On 30 September 1986, the brigade was reformed at Fort Leonard Wood, Missouri, as the 1st Engineer Brigade, and was assigned to the United States Army Training and Doctrine Command.[35]

Organization for the landing in Normandy
  • Brigade Headquarters
  • 531st Engineer Shore Regiment
  • 24th Amphibian Truck Battalion
    • 462nd Amphibian Truck Company
    • 478th Amphibian Truck Company
    • 479th Amphibian Truck Company
  • 306th Quartermaster Battalion
    • 556th Quartermaster Railhead Company
    • 562nd Quartermaster Railhead Company
    • 3939th Quartermaster Gas Supply Co
  • 191st Ordnance Battalion
    • 3497th Ordnance Medium Automotive Maintenance Company
    • 625th Ordnance Ammunition Company
  • 161st Ordnance Platoon
  • 577th Quartermaster Battalion
    • 363rd Quartermaster Service Company
    • 3207th Quartermaster Service Company
    • 4144th Quartermaster Service Company
  • 261st Medical Battalion (Amphibious)
  • 449th Military Police Company
  • 286th Joint Assault Signal Company
  • 33rd Chemical Decontamination Company

Source: [42]

Campaign credits
  • World War II:
    • Sicily
    • Naples-Foggia
    • Normandy (with arrowhead)
    • Northern France
    • Ryukyus

Source: [35]

2nd Engineer Special Brigade

The 2nd Engineer Amphibian Brigade was activated at Camp Edwards on 20 June 1942,[11] with the 532nd Engineer Shore Regiment and 592nd Engineer Boat Regiment assigned.[43] Colonel William F. Heavey, who was appointed its commander on 6 August 1942, and was promoted to brigadier general on 10 September, led the brigade for the rest of the war.[44] It quickly expanded to 6,000 men, but lost 1,500 in September to the 540th Shore Regiment.[45] On 1 October, the brigade was reorganised; the 532nd and 592nd became engineer amphibian regiments and the 542nd Engineer Amphibian Regiment was formed.

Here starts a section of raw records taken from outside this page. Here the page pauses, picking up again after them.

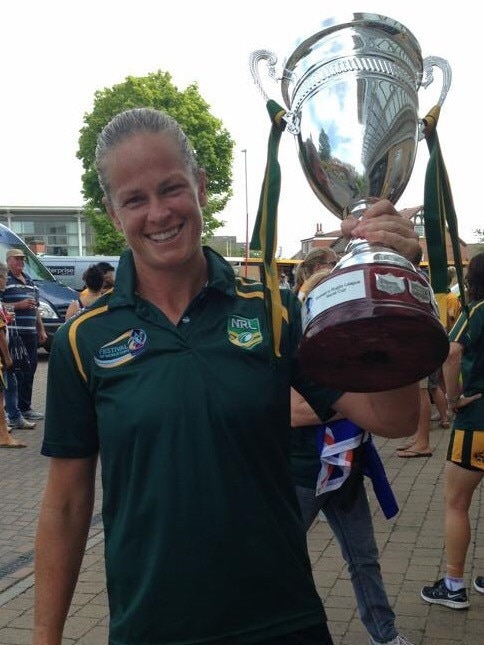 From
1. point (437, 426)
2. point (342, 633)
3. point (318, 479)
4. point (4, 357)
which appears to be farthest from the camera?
point (437, 426)

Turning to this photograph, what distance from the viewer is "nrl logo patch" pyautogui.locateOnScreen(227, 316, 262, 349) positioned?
2000 millimetres

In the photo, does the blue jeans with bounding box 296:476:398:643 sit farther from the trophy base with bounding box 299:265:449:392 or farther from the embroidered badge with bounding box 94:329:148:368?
the trophy base with bounding box 299:265:449:392

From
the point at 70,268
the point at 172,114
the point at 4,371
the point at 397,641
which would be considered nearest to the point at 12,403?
the point at 4,371

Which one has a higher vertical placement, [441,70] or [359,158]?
[441,70]

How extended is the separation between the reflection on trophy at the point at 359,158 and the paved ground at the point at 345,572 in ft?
9.79

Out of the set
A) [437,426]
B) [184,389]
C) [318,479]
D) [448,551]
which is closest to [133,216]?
[184,389]

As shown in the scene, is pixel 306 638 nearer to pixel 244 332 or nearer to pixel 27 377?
pixel 244 332

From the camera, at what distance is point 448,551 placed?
4727 millimetres

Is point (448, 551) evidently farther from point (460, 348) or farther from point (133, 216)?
point (133, 216)

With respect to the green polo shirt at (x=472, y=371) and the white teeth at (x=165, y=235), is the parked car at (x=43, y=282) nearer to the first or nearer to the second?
the green polo shirt at (x=472, y=371)

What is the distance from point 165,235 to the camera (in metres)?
2.03

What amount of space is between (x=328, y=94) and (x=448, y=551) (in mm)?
3345

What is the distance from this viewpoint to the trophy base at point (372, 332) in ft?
5.37

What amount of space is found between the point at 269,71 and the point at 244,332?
702mm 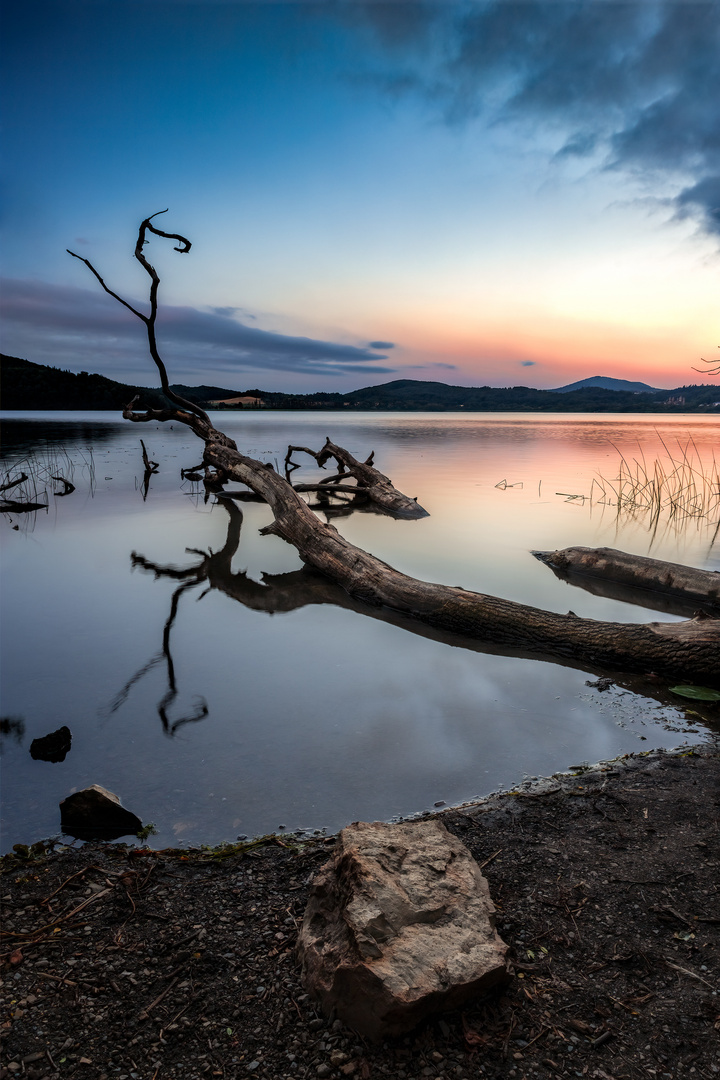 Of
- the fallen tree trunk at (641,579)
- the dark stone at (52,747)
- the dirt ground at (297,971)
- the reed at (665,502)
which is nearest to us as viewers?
the dirt ground at (297,971)

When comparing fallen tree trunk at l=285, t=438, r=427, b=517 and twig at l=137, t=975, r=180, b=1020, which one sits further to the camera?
fallen tree trunk at l=285, t=438, r=427, b=517

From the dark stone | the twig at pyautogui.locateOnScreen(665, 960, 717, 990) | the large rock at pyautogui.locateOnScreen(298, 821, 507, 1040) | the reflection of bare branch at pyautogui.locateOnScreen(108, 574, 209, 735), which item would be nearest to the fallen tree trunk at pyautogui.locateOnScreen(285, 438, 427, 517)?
the reflection of bare branch at pyautogui.locateOnScreen(108, 574, 209, 735)

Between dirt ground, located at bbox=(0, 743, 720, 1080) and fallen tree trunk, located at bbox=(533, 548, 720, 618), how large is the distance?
4.53 meters

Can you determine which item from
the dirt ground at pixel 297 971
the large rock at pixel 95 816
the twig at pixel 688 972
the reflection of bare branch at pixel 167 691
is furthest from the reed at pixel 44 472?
the twig at pixel 688 972

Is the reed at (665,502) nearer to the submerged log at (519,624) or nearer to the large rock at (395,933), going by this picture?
the submerged log at (519,624)

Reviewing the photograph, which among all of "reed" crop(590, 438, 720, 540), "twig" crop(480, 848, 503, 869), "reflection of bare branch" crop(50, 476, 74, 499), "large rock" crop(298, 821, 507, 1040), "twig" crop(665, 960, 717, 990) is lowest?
"twig" crop(480, 848, 503, 869)

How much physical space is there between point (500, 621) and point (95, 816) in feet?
13.1

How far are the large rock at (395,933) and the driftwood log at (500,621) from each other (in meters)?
3.32

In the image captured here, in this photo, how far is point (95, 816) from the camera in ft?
9.89

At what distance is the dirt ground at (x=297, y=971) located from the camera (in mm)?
1764

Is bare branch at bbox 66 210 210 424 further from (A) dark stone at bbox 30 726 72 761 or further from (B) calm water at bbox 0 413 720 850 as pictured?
(A) dark stone at bbox 30 726 72 761

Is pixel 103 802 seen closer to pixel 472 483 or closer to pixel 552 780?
pixel 552 780

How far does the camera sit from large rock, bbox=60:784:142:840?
9.84 feet

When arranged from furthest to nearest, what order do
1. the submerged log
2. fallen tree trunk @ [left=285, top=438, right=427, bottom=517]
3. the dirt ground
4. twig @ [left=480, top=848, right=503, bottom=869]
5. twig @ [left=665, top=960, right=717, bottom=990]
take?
fallen tree trunk @ [left=285, top=438, right=427, bottom=517] → the submerged log → twig @ [left=480, top=848, right=503, bottom=869] → twig @ [left=665, top=960, right=717, bottom=990] → the dirt ground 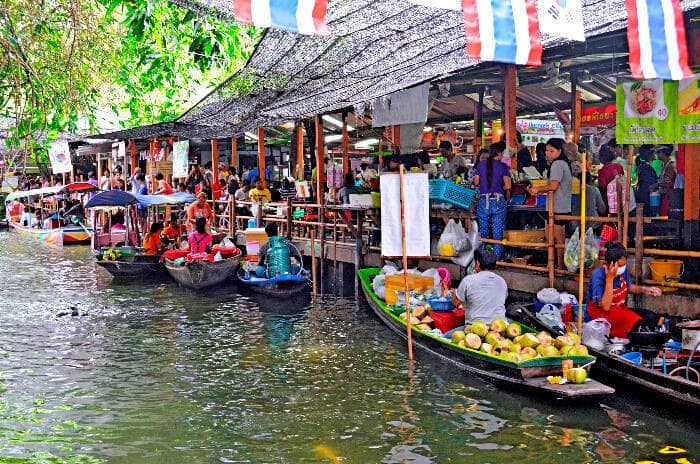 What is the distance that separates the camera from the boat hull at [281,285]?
1475 cm

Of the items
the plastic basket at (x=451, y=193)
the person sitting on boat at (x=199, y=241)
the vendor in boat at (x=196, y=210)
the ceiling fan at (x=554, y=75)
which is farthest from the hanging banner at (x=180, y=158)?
the plastic basket at (x=451, y=193)

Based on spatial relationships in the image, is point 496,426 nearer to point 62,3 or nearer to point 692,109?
point 692,109

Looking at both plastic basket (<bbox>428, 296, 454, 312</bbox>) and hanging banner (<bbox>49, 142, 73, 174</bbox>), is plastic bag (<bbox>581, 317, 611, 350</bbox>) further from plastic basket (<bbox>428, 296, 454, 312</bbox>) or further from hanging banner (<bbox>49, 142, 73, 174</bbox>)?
hanging banner (<bbox>49, 142, 73, 174</bbox>)

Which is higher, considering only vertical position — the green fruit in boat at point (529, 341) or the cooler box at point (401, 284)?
the cooler box at point (401, 284)

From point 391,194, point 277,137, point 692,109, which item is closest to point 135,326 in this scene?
point 391,194

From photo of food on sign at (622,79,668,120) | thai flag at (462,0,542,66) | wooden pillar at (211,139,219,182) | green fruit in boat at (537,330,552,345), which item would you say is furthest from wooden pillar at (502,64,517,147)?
wooden pillar at (211,139,219,182)

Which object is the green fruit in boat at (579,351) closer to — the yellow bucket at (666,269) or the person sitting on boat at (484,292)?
the person sitting on boat at (484,292)

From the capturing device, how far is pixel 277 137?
81.3 feet

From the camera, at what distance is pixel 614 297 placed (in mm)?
8438

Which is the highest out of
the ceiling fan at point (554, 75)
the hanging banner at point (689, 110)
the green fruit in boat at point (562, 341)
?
the ceiling fan at point (554, 75)

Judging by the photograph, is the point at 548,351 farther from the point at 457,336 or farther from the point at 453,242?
the point at 453,242

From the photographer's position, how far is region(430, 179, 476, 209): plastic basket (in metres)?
12.0

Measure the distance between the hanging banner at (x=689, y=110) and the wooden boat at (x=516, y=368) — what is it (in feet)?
10.4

The brigade, less the 542nd Engineer Amphibian Regiment, moved by rail to Camp Carrabelle on 15 October. On 7 November, the brigade moved to followed Fort Ord, California, where it the 542nd Engineer Amphibian Regiment the following day. In January and February 1943, the brigade embarked from the San Francisco Port of Embarkation on a series of vessels bound Australia.[46]

The US 532nd Engineer Boat and Shore Regiment lays beach mats to allow vehicles to move along the sand at Red Beach, near Lae

In Australia, the brigade was based at Cairns, although its headquarters was co-located with that of I Corps in Rockhampton, 600 miles (970 km) away. The brigade helped the 411th Base Shop Battalion establish a landing craft construction facility, which produced its first finished LCVP on 7 April. In May, elements of the brigade began moving to New Guinea. A detachment of ten LCMs of the 592nd Engineer Amphibian Regiment went to Port Moresby, where it moved supplies to the Lakekamu River. They were followed by detachments of the 532nd and 542nd, which moved to Milne Bay, Oro Bay and Samarai.[47] On 30 June, the brigade participated in its first amphibious operation, the landing at Nassau Bay.[48] On 4 July, the brigade was renamed the 2nd Engineer Special Brigade, and its three regiments became engineer boat and shore regiments.[46]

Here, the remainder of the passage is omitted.